***** EXCERPTED RECORDS
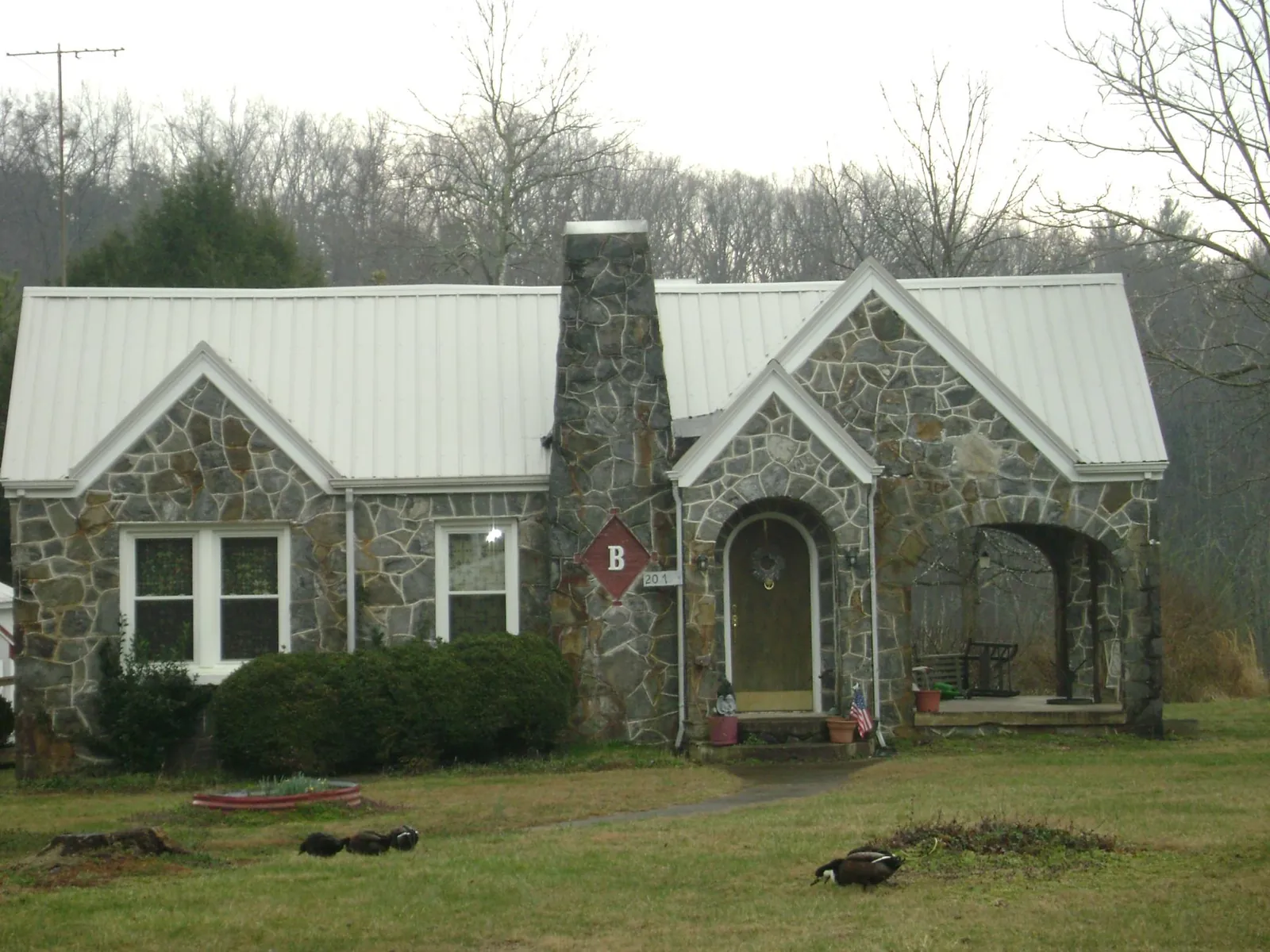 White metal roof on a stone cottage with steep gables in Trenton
**********
***** EXCERPTED RECORDS
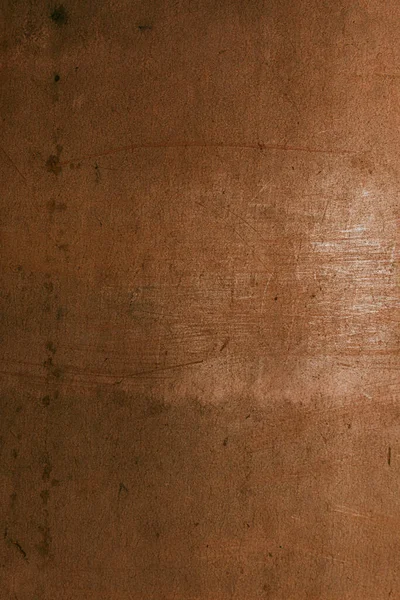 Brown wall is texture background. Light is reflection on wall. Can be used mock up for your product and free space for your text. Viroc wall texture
**********
***** EXCERPTED RECORDS
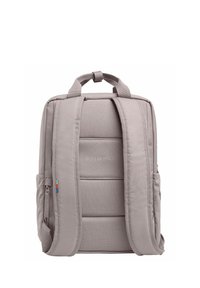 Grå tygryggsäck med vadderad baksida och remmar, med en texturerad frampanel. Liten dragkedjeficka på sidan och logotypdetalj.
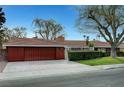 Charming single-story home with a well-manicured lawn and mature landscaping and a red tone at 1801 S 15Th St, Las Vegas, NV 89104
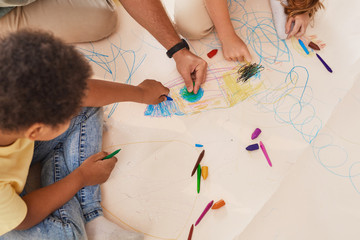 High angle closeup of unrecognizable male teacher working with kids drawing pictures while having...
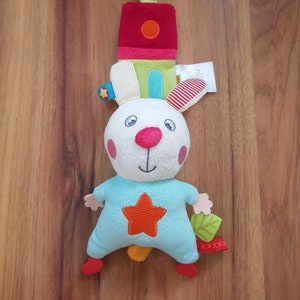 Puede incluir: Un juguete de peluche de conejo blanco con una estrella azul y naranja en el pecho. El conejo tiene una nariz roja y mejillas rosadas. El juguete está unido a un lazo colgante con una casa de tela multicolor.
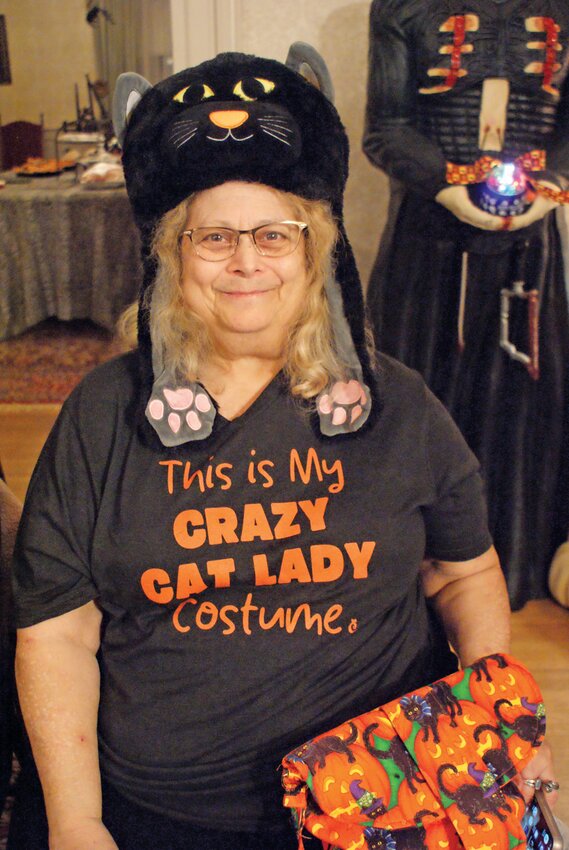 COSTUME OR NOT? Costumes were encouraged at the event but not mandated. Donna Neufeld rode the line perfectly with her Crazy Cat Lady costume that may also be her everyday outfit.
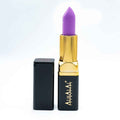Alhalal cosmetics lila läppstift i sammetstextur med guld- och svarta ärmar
**********
TASK OBJECTIVE -
Your reply is to be an exact repeat of the listing above from the line holding "COSTUME OR NOT?" down to the line holding "Alhalal cosmetics lila", ends included, pictures excluded.

OUTPUT OF THE TASK -
 COSTUME OR NOT? Costumes were encouraged at the event but not mandated. Donna Neufeld rode the line perfectly with her Crazy Cat Lady costume that may also be her everyday outfit.
Alhalal cosmetics lila läppstift i sammetstextur med guld- och svarta ärmar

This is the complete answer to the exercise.